As of the 2020 census, Flagtown had a population of 1,070.
==History==
In 1850 prior to any railroads coming through the area a Somerset County map refers to the area as Flaggtown. Later in 1873 the South Branch Railroad cut through the area just north of the present Lehigh Valley Railroad line and the Easton and Amboy Railroad was built (currently the Lehigh Valley Railroad line that is still active). The area to the north of the railroads was referred to as Flaggtown Station while the area to the south maintained the name Flaggtown. At this point only one train station was marked on the map west of South Branch road between the two rail lines. Finally by 1891 Flaggtown Station is no longer indicated on any maps and Flaggtown is consistently printed as Flagtown on maps. By 1891 two train stations are indicated on USGS maps, one for each line, both just west of South Branch Road. No remains of either station exist today. The name change was initiated by the US Post Office dealing with the confusion of having a Flaggtown next to Flaggtown Station. On January 28th 1878 Flaggtown was renamed Frankfort and Flagtown Station became Flagtown. It's not clear why the "g" was dropped.

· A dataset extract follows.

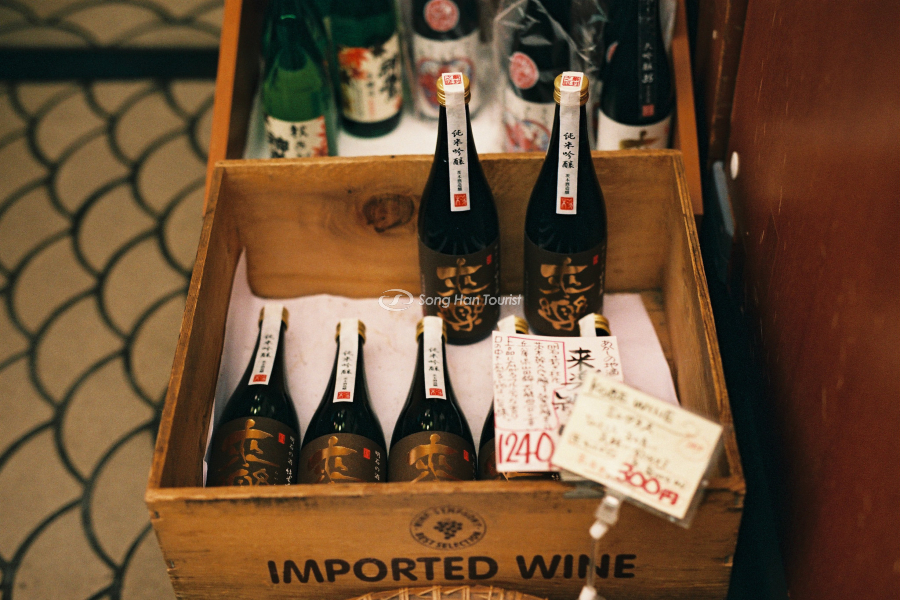 Ginjo - Một trong những loại rượu Sake Nhật Bản nổi tiếng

The name Flagtown was a corruption of the original Flaggtown. The original Flaggtown (later renamed Frankfort, when Flagtown Station became Flagtown) was named for Jacob Flagg, who purchased a tract in 1700. Some years later, J. Flagg, a descendant and proprietor of a local tavern had it used as headquarters for the Hillsborough Company in the American Revolutionary War. At election time, the tavern served as a voting place. The first school was built there about 1725 on a knoll near the future site of the railroad station and it is said that William Parrish taught there. When the building was replaced in 1795, it was painted red and white and called "The Old Red School House."

==Demographics==

Flagtown first appeared as a census designated place in the 2020 U.S. census.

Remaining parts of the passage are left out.